Stay-At-Home Seven: June 1-6

Streaming and TV highlights this week

by Amber Wilkinson

Welcome to this week's Stay-At-Home Seven - check out last week's here and our Streaming Spotlight on Sundance With Subtitles.

Beautiful Things, We Are One, From June 3 for seven days

This hybrid documentary from Italy - a symphony of consumerism and waste - is one of several great features and shorts available to watch as part of YouTube's We Are One online film festival. Giorgio Ferrero and Federico Biasin's film is built partially on monologues as four men outline their work - descriptions that stretch beyond their own lives to more philosophical considerations of acquisitiveness and connection. The film is screening from June 3 at 10.25pm for seven days. Read our full review here and our interview with Giorgio Ferrero.

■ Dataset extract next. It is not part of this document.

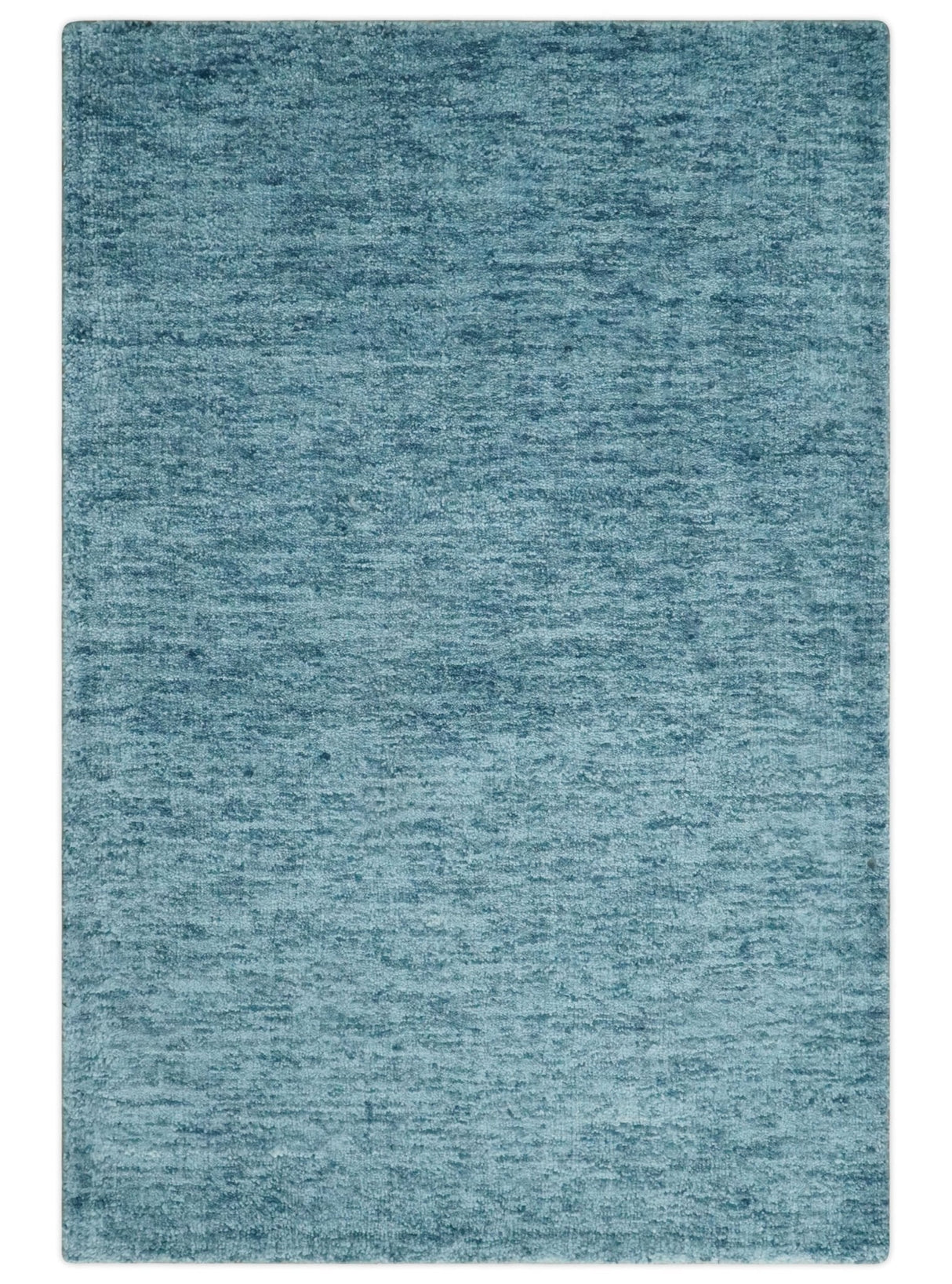 2x3 Hand Woven Modern Solid Blue Wool Rug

Vampir Cuadecuc, Second Run DVD online, £4.99

Also starting online this week is a new streaming service from Second Run DVD. The first tranche of films are varied, with everything from documentary Dawson City: Frozen Time - which tells the immersive story of a gold rush town that became the unlikely source of a treasure trove of lost film - to this avant-garde documentary from Spanish director Pere Portabella. Shot in and around the shooting of Jess Franco's Dracula in 1970, it's a sort of experimental making of. As our reviewer Rebecca Naughten puts it: "Portabella's repurposing and reimagining of the elements at Franco's disposal creates something genuinely (and appropriately) otherworldly." Read the full review and watch the film, priced £4.99 for a week's rental, here.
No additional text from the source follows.